Clément Cogitore : Oui, je travaille beaucoup sur le potentiel de sidération d’une œuvre, sa capacité à éblouir, à réaliser un hold-up sur les sens. C’est là toute l’ambiguïté de l’Homme des Lumières qui ne croit plus à la magie, libéré par le rationalisme des superstitions et des dogmes de l’obscurantisme religieux, mais qui continue à désirer ardemment qu’on lui raconte des histoires, qu’on l’émerveille. En ce sens, ce moment de l’Histoire marque la fin de l’enfance de l’Homme occidental. Le spectateur des Indes galantes sait que tout ce qu’il voit est faux, mais il accepte néanmoins, pour quelques heures, de prendre congé du monde pour se laisser éblouir. J’ai eu envie d’assumer ce “cahier des charges” de l’opéra-ballet tout en l’interrogeant, en me demandant ce qu’éclipsait la lumière, ce qui restait dans l’ombre…

L’une des questions que semble poser avec le plus de force ton œuvre est la possibilité – ou non – de raconter une histoire. Lors d’une conférence, tu disais que les communautés naissaient à partir du moment où l’on commençait à se raconter des histoires. Dans Les Indes galantes cette notion d’histoire est centrale : l’œuvre représente différentes communautés, souvent en conflit, qui ne portent pas les mêmes récits…

Clément Cogitore : D’une certaine manière les malentendus des Indes Galantes relèvent de l’impossibilité de s’accorder sur un récit commun. Ainsi, lors de la scène finale de l’entrée dite des “Sauvages”, que célèbre-t-on ? La “paix” ou la “victoire” ? À l’évidence, il n’y a que le vainqueur pour confondre ces deux mots.

Il me semble que certains de tes films, qui flirtent avec le documentaire, mettent en crise la notion de “personnages” : la caméra tourne autour d’eux sans que l’on sache si l’on est encore dans le réel ou déjà au seuil de la fiction.

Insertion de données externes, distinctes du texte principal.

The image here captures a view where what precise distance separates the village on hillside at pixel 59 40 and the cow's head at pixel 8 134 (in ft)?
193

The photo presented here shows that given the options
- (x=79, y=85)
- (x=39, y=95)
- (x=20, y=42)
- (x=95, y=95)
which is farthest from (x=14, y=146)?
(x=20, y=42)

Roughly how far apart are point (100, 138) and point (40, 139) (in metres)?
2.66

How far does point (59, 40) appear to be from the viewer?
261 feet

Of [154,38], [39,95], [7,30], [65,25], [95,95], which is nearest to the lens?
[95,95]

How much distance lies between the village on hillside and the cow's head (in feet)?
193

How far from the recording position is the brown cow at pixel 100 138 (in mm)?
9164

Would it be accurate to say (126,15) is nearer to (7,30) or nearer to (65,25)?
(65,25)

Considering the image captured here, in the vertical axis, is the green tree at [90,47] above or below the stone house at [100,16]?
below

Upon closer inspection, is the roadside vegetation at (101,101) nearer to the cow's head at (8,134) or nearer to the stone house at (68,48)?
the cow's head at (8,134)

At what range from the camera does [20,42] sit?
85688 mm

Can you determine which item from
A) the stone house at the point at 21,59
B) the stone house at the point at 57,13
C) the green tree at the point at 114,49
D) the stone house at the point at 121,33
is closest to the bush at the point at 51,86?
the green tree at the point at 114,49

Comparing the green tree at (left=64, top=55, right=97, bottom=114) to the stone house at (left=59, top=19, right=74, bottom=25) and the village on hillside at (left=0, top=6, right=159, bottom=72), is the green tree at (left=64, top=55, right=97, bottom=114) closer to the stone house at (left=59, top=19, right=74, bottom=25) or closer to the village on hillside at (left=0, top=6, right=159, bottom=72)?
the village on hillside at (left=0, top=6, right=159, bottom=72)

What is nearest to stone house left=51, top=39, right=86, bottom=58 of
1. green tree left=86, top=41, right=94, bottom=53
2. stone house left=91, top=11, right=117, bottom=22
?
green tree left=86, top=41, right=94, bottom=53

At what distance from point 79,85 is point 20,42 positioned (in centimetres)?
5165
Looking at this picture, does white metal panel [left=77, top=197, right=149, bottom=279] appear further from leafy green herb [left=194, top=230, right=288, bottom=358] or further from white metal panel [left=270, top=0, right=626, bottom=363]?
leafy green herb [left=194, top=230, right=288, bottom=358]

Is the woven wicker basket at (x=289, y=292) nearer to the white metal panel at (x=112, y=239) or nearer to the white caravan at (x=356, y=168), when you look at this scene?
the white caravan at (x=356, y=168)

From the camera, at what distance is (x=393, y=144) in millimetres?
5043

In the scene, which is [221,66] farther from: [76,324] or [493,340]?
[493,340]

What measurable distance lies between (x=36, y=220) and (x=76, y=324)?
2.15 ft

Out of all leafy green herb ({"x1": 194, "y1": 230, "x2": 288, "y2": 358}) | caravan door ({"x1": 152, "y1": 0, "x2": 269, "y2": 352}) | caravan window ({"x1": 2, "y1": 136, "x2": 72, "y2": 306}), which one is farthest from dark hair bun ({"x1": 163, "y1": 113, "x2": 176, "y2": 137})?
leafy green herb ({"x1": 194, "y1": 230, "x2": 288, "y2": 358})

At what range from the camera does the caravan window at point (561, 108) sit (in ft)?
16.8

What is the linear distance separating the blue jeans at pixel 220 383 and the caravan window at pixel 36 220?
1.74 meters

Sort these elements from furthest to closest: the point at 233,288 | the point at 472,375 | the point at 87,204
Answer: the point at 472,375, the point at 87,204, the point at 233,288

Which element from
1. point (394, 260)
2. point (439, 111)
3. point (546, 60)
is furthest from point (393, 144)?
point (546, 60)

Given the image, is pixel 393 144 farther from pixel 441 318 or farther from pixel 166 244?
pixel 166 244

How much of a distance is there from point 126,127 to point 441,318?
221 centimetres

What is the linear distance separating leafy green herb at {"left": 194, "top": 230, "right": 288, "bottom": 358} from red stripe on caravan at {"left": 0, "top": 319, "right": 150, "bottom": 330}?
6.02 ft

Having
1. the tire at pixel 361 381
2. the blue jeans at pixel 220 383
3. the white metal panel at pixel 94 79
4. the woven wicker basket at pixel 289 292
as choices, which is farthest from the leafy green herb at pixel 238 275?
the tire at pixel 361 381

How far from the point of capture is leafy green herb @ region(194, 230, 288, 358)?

Dans Les Indes galantes, nous sommes – pour reprendre les mots d’Ali dans la troisième entrée, dans le monde “qu’imagine l’Europe”, et en cela souvent confrontés à des clichés, à des stéréotypes… Comment cherches-tu la vie dans le stéréotype ?

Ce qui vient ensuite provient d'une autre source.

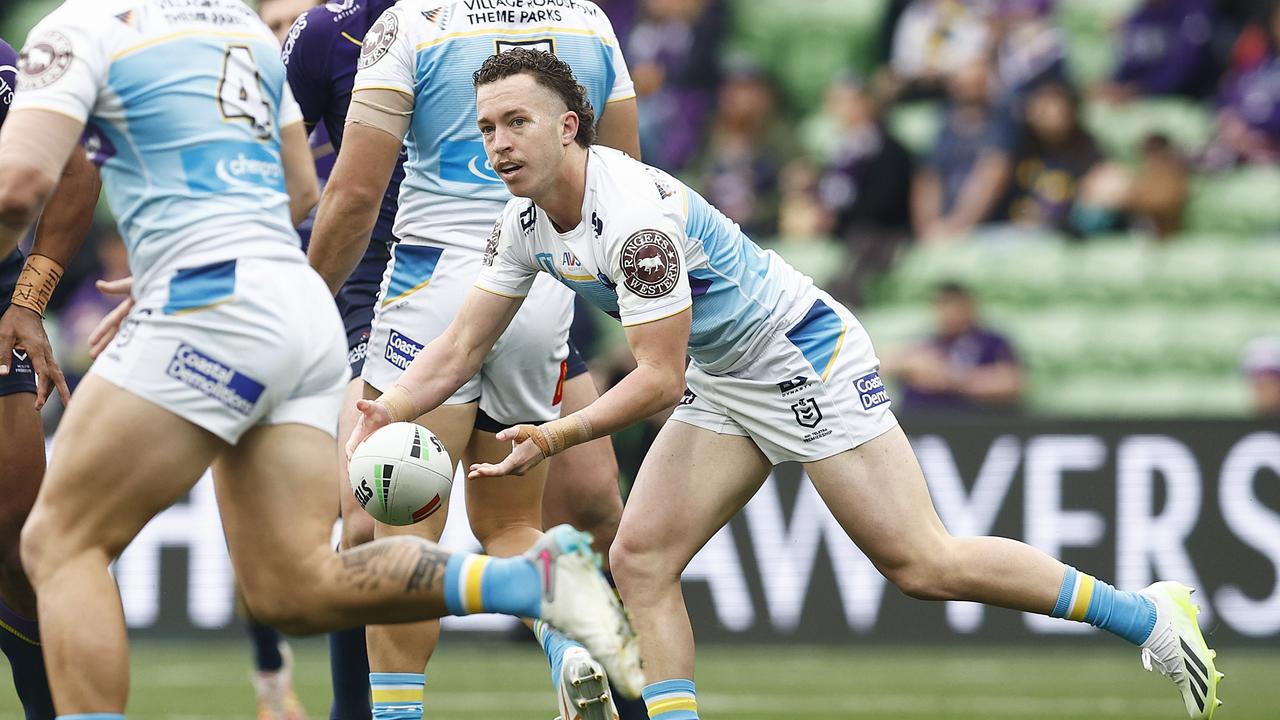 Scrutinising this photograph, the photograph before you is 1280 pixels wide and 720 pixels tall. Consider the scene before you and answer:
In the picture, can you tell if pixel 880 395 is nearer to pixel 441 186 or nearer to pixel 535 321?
pixel 535 321

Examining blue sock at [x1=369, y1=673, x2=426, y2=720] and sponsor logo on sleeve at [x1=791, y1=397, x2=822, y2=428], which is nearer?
sponsor logo on sleeve at [x1=791, y1=397, x2=822, y2=428]

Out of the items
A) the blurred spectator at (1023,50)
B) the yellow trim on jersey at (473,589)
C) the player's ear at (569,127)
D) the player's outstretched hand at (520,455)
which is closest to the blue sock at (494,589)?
the yellow trim on jersey at (473,589)

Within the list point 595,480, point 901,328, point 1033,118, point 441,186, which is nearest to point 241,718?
point 595,480

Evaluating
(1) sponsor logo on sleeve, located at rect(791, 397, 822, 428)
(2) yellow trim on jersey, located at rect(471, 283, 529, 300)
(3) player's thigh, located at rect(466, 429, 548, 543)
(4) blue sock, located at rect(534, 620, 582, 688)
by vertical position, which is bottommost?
(4) blue sock, located at rect(534, 620, 582, 688)

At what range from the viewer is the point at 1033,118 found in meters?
15.0

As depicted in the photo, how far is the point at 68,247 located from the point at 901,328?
918 centimetres

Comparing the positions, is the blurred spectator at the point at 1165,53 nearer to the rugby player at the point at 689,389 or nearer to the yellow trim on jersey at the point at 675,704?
the rugby player at the point at 689,389

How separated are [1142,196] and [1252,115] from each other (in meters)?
1.17

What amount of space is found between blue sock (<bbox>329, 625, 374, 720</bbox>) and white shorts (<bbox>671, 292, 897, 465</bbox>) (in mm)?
1692

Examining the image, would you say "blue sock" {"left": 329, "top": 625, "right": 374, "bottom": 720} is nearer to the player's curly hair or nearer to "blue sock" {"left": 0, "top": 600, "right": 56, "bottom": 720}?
"blue sock" {"left": 0, "top": 600, "right": 56, "bottom": 720}

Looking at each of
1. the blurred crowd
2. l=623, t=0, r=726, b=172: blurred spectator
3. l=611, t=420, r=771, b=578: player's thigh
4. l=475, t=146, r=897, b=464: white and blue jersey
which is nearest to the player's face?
l=475, t=146, r=897, b=464: white and blue jersey

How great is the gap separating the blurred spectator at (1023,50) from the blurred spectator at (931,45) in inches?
6.6

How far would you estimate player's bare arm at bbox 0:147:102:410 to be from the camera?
6.22 meters

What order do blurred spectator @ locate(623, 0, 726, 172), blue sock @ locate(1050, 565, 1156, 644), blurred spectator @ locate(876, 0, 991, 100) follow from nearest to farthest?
blue sock @ locate(1050, 565, 1156, 644), blurred spectator @ locate(876, 0, 991, 100), blurred spectator @ locate(623, 0, 726, 172) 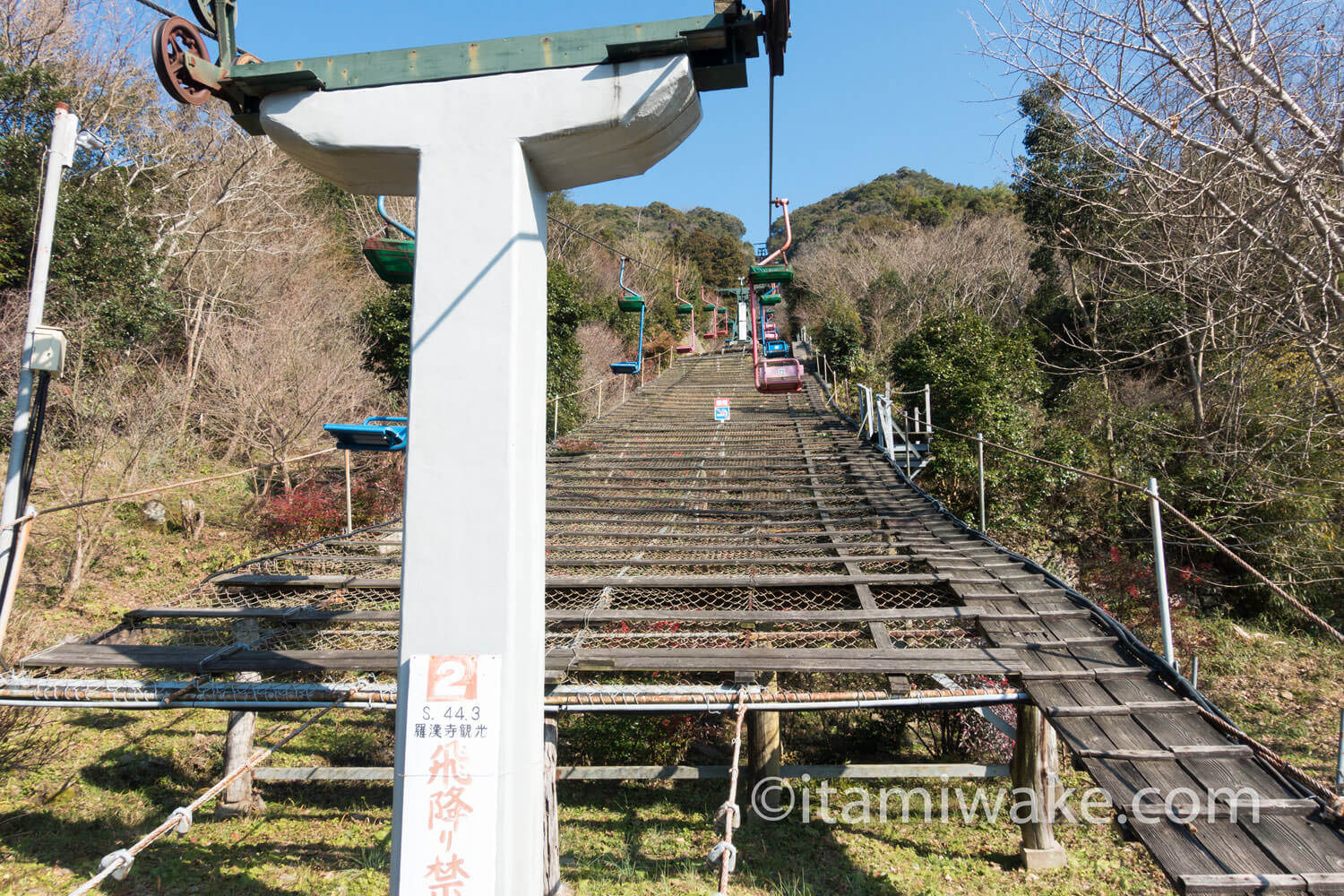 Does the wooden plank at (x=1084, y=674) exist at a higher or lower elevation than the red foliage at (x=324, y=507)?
lower

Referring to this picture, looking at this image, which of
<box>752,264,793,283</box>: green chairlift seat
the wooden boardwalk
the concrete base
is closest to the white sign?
the wooden boardwalk

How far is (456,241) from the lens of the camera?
8.48 ft

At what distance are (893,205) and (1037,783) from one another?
51.0 metres

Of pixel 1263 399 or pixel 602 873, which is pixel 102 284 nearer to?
pixel 602 873

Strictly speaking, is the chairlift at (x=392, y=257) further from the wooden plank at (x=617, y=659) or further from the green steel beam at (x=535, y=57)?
the wooden plank at (x=617, y=659)

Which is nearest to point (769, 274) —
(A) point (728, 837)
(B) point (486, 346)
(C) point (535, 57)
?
(C) point (535, 57)

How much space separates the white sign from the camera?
2.35 m

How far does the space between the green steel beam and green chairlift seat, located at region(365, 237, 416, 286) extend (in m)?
1.14

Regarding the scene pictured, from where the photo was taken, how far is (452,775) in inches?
94.3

Clément Cogitore : Oui, la plupart des personnages du livret des Indes Galantes se présentent comme des stéréotypes : chacun est défini par son appartenance à une communauté. Mais cette pauvreté de caractérisation dans le livret de Fuzelier contraste avec le traitement musical qu’en fait Rameau : riche, complexe, singulière, la partition déploie une infinité de nuances. La musique devient alors un allié précieux pour s’avancer à la rencontre des personnages. Dans l’écriture et la mise en scène – tant de fiction que de documentaire – j’ai tendance à croire qu’il ne faut jamais chercher à éviter les stéréotypes mais plutôt essayer de les traverser. Je me dis qu’un stéréotype est un personnage qui n’a pas été entendu, avec qui je n’ai pas passé assez de temps, qui ne m’a pas encore raconté son histoire. C’est dans cette rencontre, dans ce dialogue imaginaire avec lui, que commence vraiment mon travail.